There has been limited critical debates on contextual factors, such as the influence of teacher perceptions on learning experiences and the way vocational education and training is understood and practiced.
While the teaching and learning contexts in these commercial-for-profit, private VET providers are complex, characterised by a multiplicity of views and perceptions and influenced by policy discourses, it can be argued that any pedagogy that is premised on the deficit view of international students and their learning contexts may not support learning.
by Ramos PAsu RA, PhD Candidate, Melbourne Graduate School of Education, The University of Melbourne, Melbourne, VIC, Australia
Pasura, Rinos. Realities of private VET practice through VET teachers’ lenses: Learning contexts for international students in private VET in Australia [online].International Journal of Training Research, The, Vol. 12, No. 1, Apr 2014: 29-44. http://bit.ly/1JCRZbP
Since the introduction off the competitive vocational education and training market model in the Australia in the 1990s, the growth and participation of international students and private providers has led to sustained debates about training standards in commercial for-proft, private registered training organisations.
Much of this debate has been negative and critical, focusing on providers seen as dodgy and international students’ permanent residence are reasons for participating in the Australian Vocational Education and Training sector (Smith, 2010, Tran and Nyland, 2013).
This article argues that this focus has limited critical debates on other contextual factors, particularly the influence of teacher perceptions on learning experiences and the way vocational education and training is understood and practised.

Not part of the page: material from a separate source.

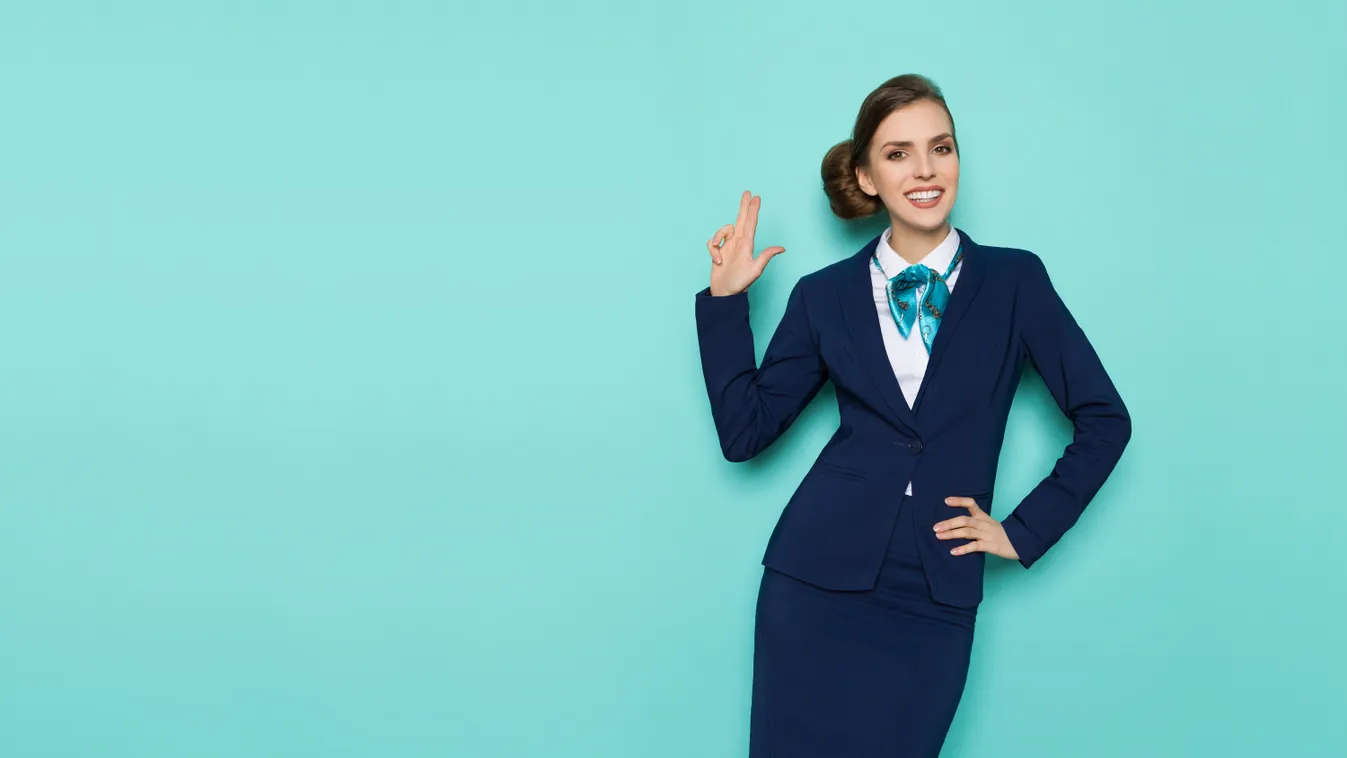 50 stewardess betanult koreográfiával köszöntötte az utasokat Ferihegyen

Questionable pedagogic practices
This study has provided insight into the perceptions held by VET teachers in the design, delivery and assessment of their courses to overseas students in a sample of commercial-for-profit, private RTOs in Melbourne. The findings suggest that a trend is emerging amongst VET teachers which negatively characterises international students and their learning contexts in commercial-for-profit, private RTOs in the two studies using the education—migration lens only. While the
scope of what is reported here is limited, the interview and written questionnaire data at least demonstrate that the issues driving teacher perspectives in these commercial-for-profit, private RTOs in the study are complex and contentious.
The key concerns cited by the teachers were inadequate teaching and learning resources, the nature of Training Packages and the CBT approach to teaching and learning, absence of workplace learning, poor level of English language
proficiency, and questionable pedagogic practices in the delivery and assessment of workplace learning, poor level of English language proficiency, and questionable pedagogic practices in the delivery and assessment of the delivery of assessment and training.
While acknowledging that conditions under which trainers delivered and assessed training in these private VET providers in the two studies were questionable, there is growing evidence in the literature `that the quality of teaching has far and away the largest influence on student achievement’ (Barber et al., 2009, p. 6). Therefore, there is merit in the argument that – notwithstanding other situated factors influencing events in the commercial for-profit, private providers – standards of teacher work, perceptions and expectations can critically impact on the quality and relevance of` their approaches to teaching and learning (Anderson et al., 2004; Barber et al.,2009; Gallagher & Anderson, 2005).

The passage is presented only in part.